The Limited Times

Now you can see non-English news...

"Selfish", "exhibitionist" or "too good": why is Neymar Jr. one of the most hated footballers in the world?

2021-05-05T17:41:52.163Z


The Brazilian forward for Paris Saint Germain is one of the most polarizing players in recent football history. His immense quality is undeniable, but his behavior both on and off the field continues to provoke animosity among rivals and fans. We analyze the game and the personality of a different footballer


“Isn't rugby a team sport? So please go out there and give the ball to Jonah Lomu. " The phrase, one of the most eloquent (and paradoxical) exaltations of the collective game in memory, was apparently spoken minutes before the final of the 1995 Rugby World Cup between New Zealand and Australia. It is attributed to the New Zealand coach, Laurie Mains, or one of his assistants, although some say that it was actually the message of a young fan that was read aloud to motivate the players.

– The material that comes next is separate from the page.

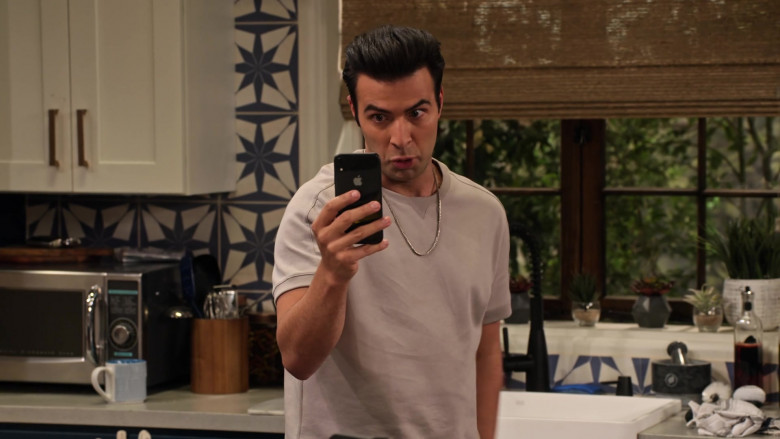 Apple iPhone Smartphone of Jencarlos Canela as Victor in The Expanding Universe of Ashley Garcia S01E11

Jonah Lomu was the greatest athlete in the history of his sport, a jet-powered portable wardrobe that shattered defenses alone with physical exuberance, with his simple and deadly way of playing rugby. For his teammates, giving him the ball was good business, the most sensible way to put a sense of responsibility and herd discipline at the service of individual talent. If Lomu wins, we all win.

This simple lesson is also valid, although with nuances, in soccer, one of the most complex and choral sports practiced right now in the world. Even Andrés Iniesta and Xavi Hernández, two virtuosos of the associative game, understood that in Josep Guardiola's FC Barcelona (between 2008 and 2012) the recipe for success was very often by giving the ball to Lionel Messi, and something similar has been happening since that soccer is soccer in teams that have been lucky enough to have individual verses with the capacity to offer superhuman benefits, such as Pele's Brazil or Diego Armando Maradona's Argentina. Talent of that caliber is not asked questions or demands. They are given the ball assuming with humble pragmatism that they are the ones who have all the answers.

Neymar da Silva Santos Júnior (Mogi das Crizes, Brazil, 1992) lives on the brink of that crossroads, that point of no return in which the exceptional individual rises forever above the group. His has been a career propelled towards excellence since he made his professional debut for Santos, one of Brazil's flagship clubs, at just 17 years old. The ball belongs exclusively to him almost from the beginning. No discussion, no fuss. In both Santos and the Brazilian national team, this unrepentant, skillful and cunning dribbler, light as a feather and sharp as a bee, was in charge of turning on the light from a very young age and placing himself under the spotlight.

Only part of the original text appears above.